== Action item ==
Copy out each record that follows exactly, and omit any picture you find.

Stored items
□ □ □
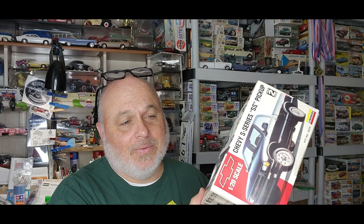Let's see if there's a date on this box — 1993. That was the year my youngest son was born. He is now an Army recruiter in upstate New York. So that kit is as old as my youngest son and it's never been built — still sealed inside. Thank you Steven, I appreciate you. That will definitely get built. I've had small scale Camaros or Firebirds before, but never the pickups.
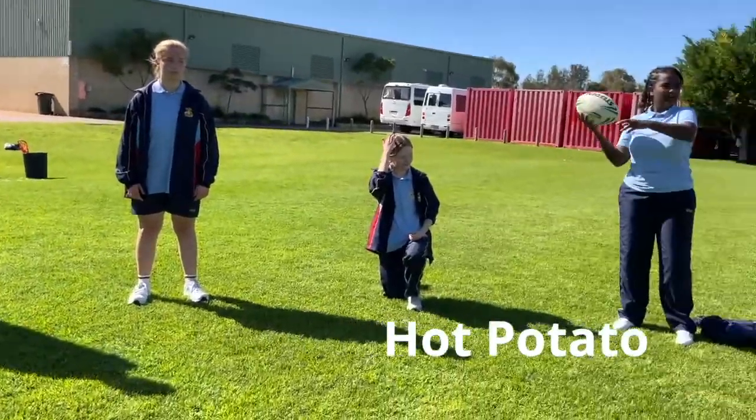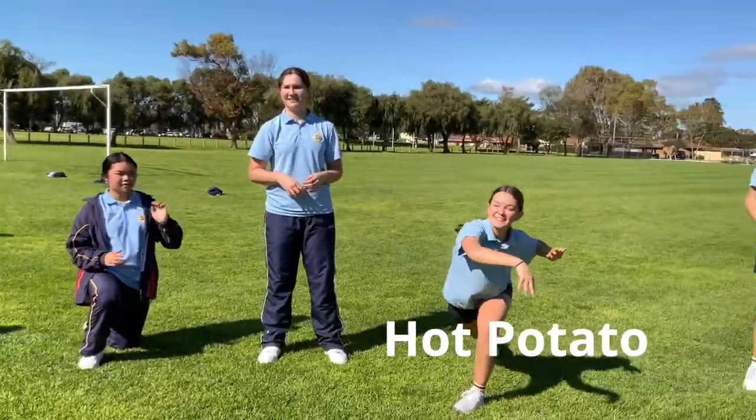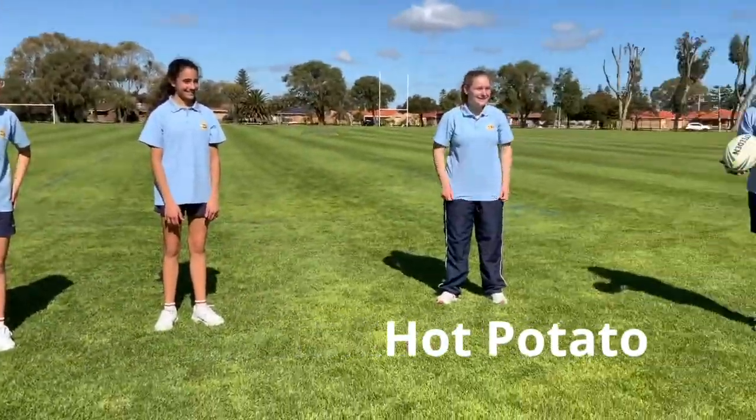An incorrect pass or dropped ball means that person puts a knee to the ground. Two knees, elbow, elbow — out of the game.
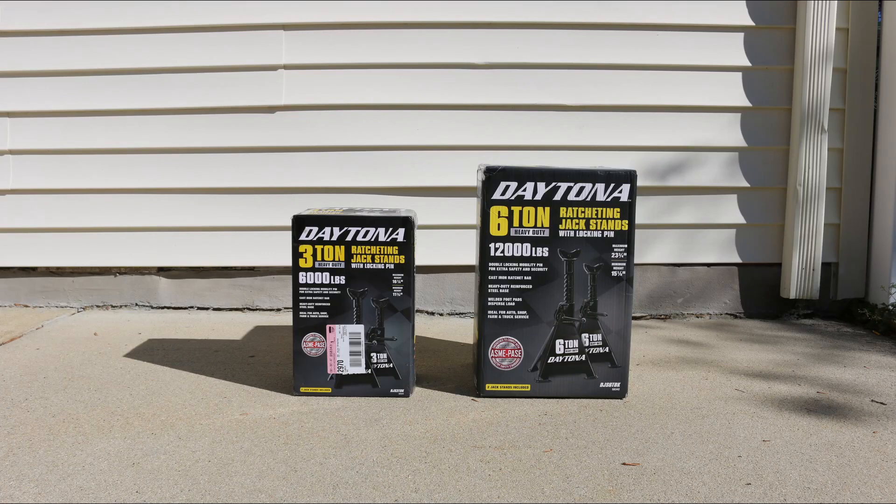Hey guys, welcome to my channel. Today we're unboxing these brand new 3-ton and 6-ton Daytona jack stands.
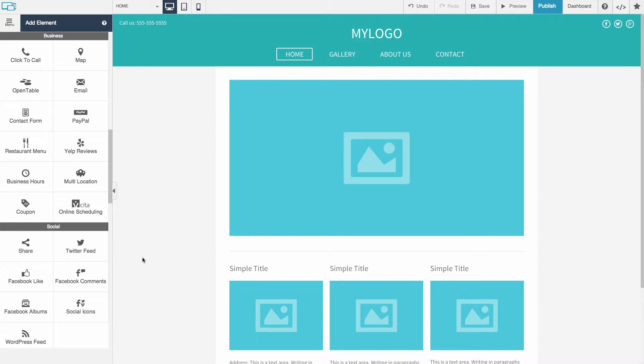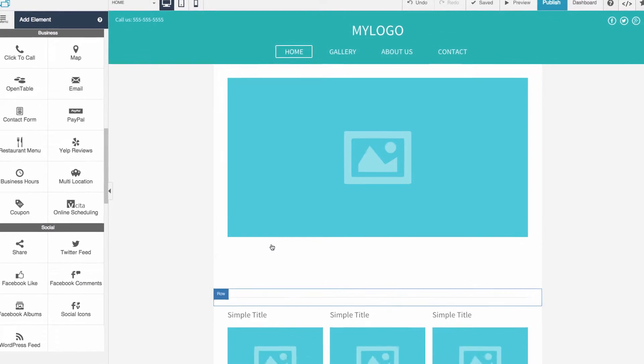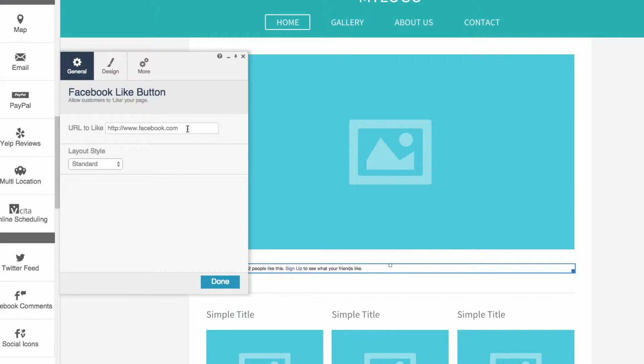Add a Facebook Like button so your visitors can like your page. Just drag and drop the Facebook Like button onto your website. Then enter the URL for the visitor to like. This can be your website or your Facebook profile URL.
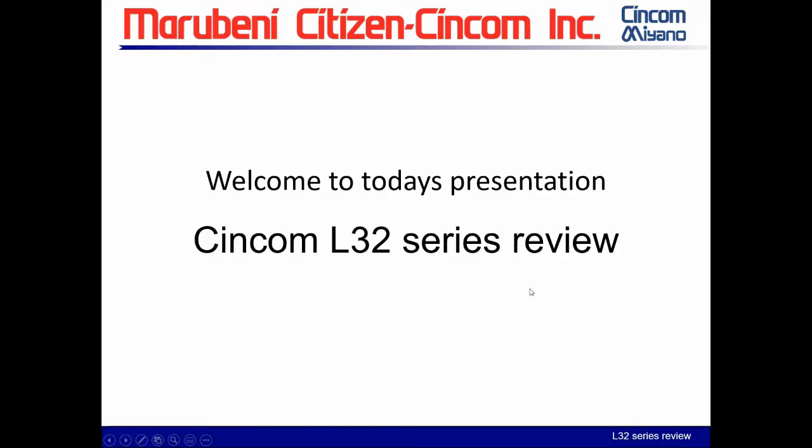Welcome to today's presentation, the L-32 series review. My name is Mark Carlson and I will be presenting this to you today. I am a regional rep with MCC and I work down in the New England area.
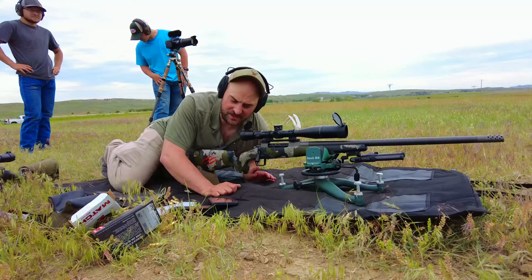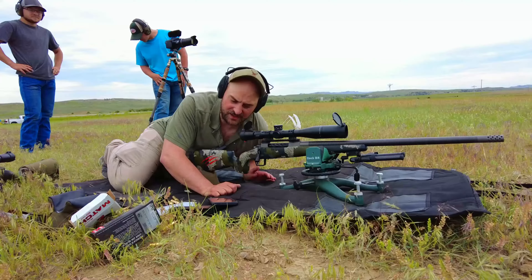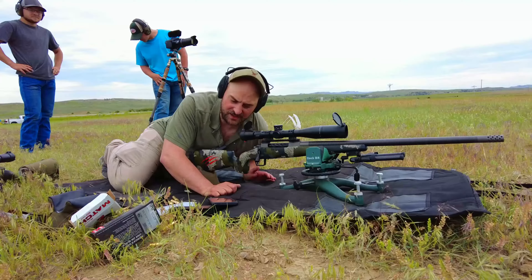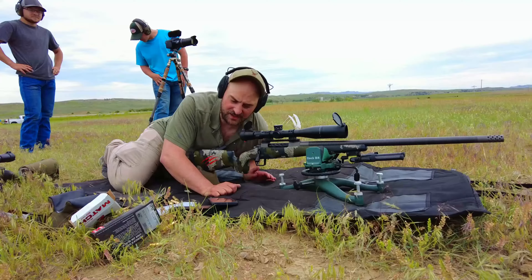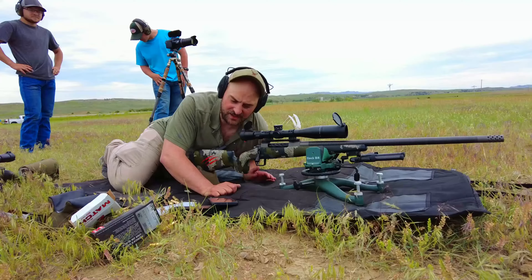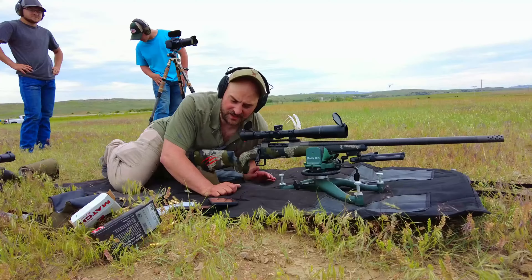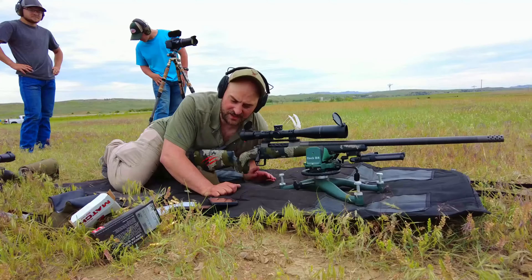All right, folks, we're shooting the Fierus CT Rival with a 24-inch barrel, and this is a 300 PRC using the 225-grain Hornady ELDM factory ammo. Got a Vortex Razor HDLHT 3-15x42 on it, and we're going to be shooting 810 yards, 5-10 mph crosswind.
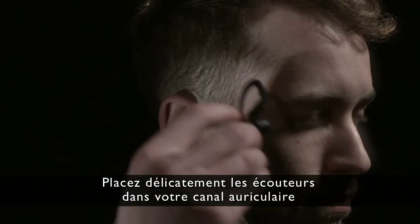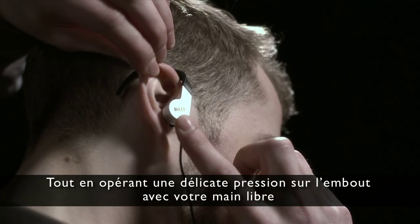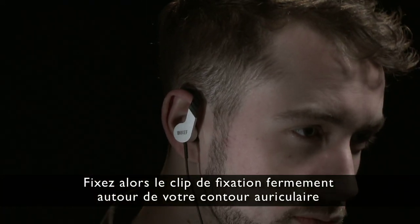Push the earbud gently into your ear canal. Then pull your ear tip slightly upwards and outwards, gently pressing the earbud using your other hand to ensure a tight fit. Fix the hook and secure it firmly around your ear.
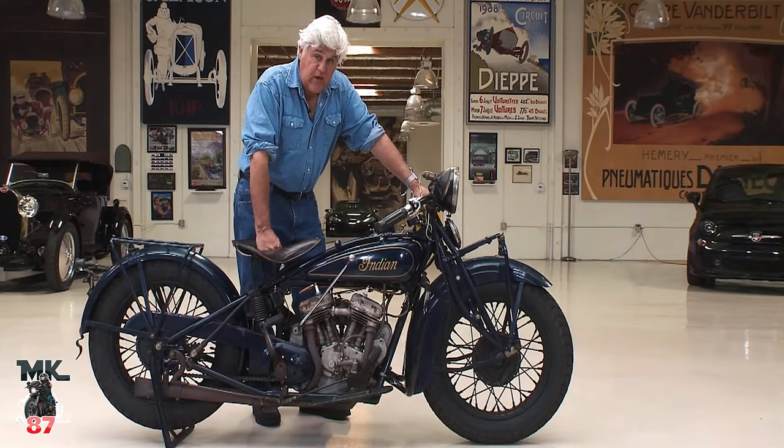I am a fan of the Scout Rogue — until now, because I'm now a fan of the Scout 101. The Scout goes way back into Indian's history. At one time it was the best handling motorcycle they had. I think Jay Leno has one in his garage — I think I watched that episode with the blue Indian. The original one looked amazing, just classic looking.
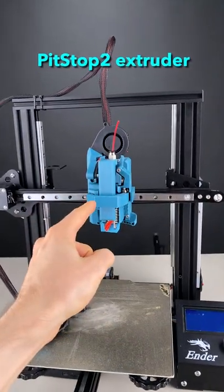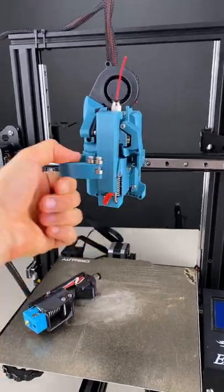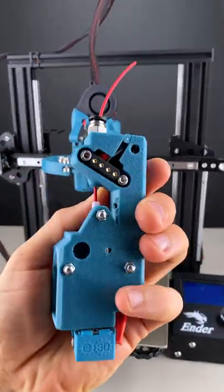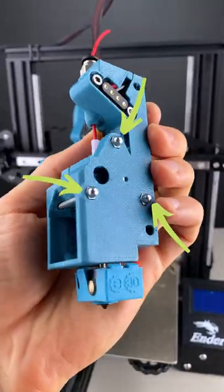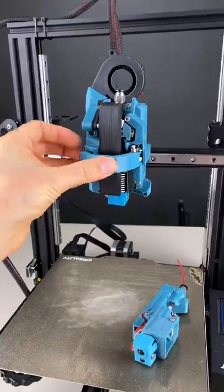Here's an update of the Pit Stop Extruder from my brother Mihai Designs. You just have to pull the lever, take the hotend — which is connected with Pogo Pins and Kinematic Coupling — insert the new one, and close the lever.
□ □ □
== Solved exercise ==
Let's see if there's a date on this box — 1993. That was the year my youngest son was born. He is now an Army recruiter in upstate New York. So that kit is as old as my youngest son and it's never been built — still sealed inside. Thank you Steven, I appreciate you. That will definitely get built. I've had small scale Camaros or Firebirds before, but never the pickups.
An incorrect pass or dropped ball means that person puts a knee to the ground. Two knees, elbow, elbow — out of the game.
Hey guys, welcome to my channel. Today we're unboxing these brand new 3-ton and 6-ton Daytona jack stands.
Add a Facebook Like button so your visitors can like your page. Just drag and drop the Facebook Like button onto your website. Then enter the URL for the visitor to like. This can be your website or your Facebook profile URL.
Welcome to today's presentation, the L-32 series review. My name is Mark Carlson and I will be presenting this to you today. I am a regional rep with MCC and I work down in the New England area.
All right, folks, we're shooting the Fierus CT Rival with a 24-inch barrel, and this is a 300 PRC using the 225-grain Hornady ELDM factory ammo. Got a Vortex Razor HDLHT 3-15x42 on it, and we're going to be shooting 810 yards, 5-10 mph crosswind.
Push the earbud gently into your ear canal. Then pull your ear tip slightly upwards and outwards, gently pressing the earbud using your other hand to ensure a tight fit. Fix the hook and secure it firmly around your ear.
I am a fan of the Scout Rogue — until now, because I'm now a fan of the Scout 101. The Scout goes way back into Indian's history. At one time it was the best handling motorcycle they had. I think Jay Leno has one in his garage — I think I watched that episode with the blue Indian. The original one looked amazing, just classic looking.
Here's an update of the Pit Stop Extruder from my brother Mihai Designs. You just have to pull the lever, take the hotend — which is connected with Pogo Pins and Kinematic Coupling — insert the new one, and close the lever.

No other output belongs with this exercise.